Activity:
What is needed is a faithful copy of all the entries, with no pictures in it.

Caption-style text data

....

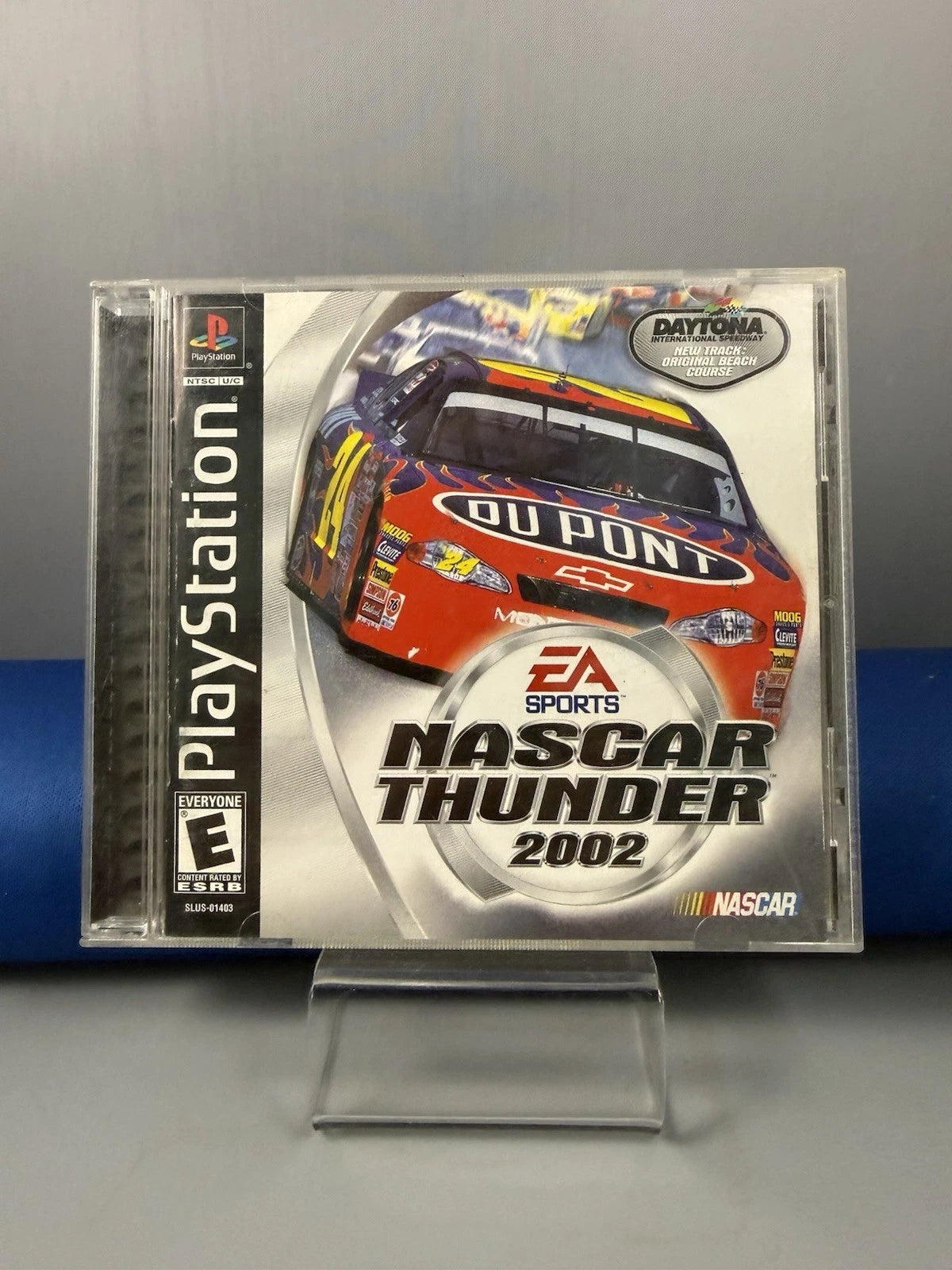 NASCAR Thunder 2002  Manual & Case W/ Reg Card
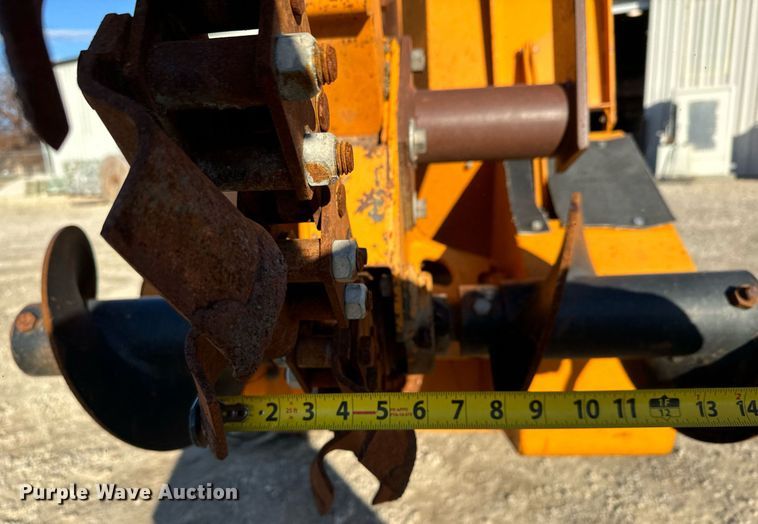 image for item LH9286 1981 Case DH4 trencher with trailer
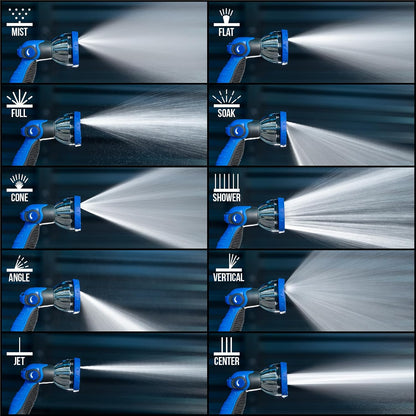 VIKING Garden Hose Nozzle with 8 Spray Patterns for Washing Cars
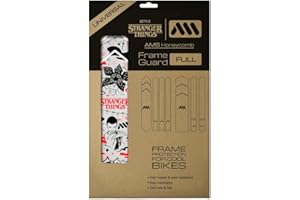 All Mountain Style | Protector Cuadro Bicicleta MTB | Protector Adhesivo Cuadro Bici Modelo Full con 18 Protectores | Protege tu Bicicleta de Arañazos y Golpes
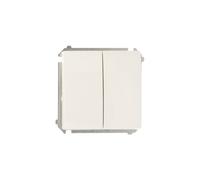 Conector de escalera Simon Basic doble blanco BMW6/2.01/11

....

Response box:
 NASCAR Thunder 2002  Manual & Case W/ Reg Card
 image for item LH9286 1981 Case DH4 trencher with trailer
 VIKING Garden Hose Nozzle with 8 Spray Patterns for Washing Cars
 All Mountain Style | Protector Cuadro Bicicleta MTB | Protector Adhesivo Cuadro Bici Modelo Full con 18 Protectores | Protege tu Bicicleta de Arañazos y Golpes
 Conector de escalera Simon Basic doble blanco BMW6/2.01/11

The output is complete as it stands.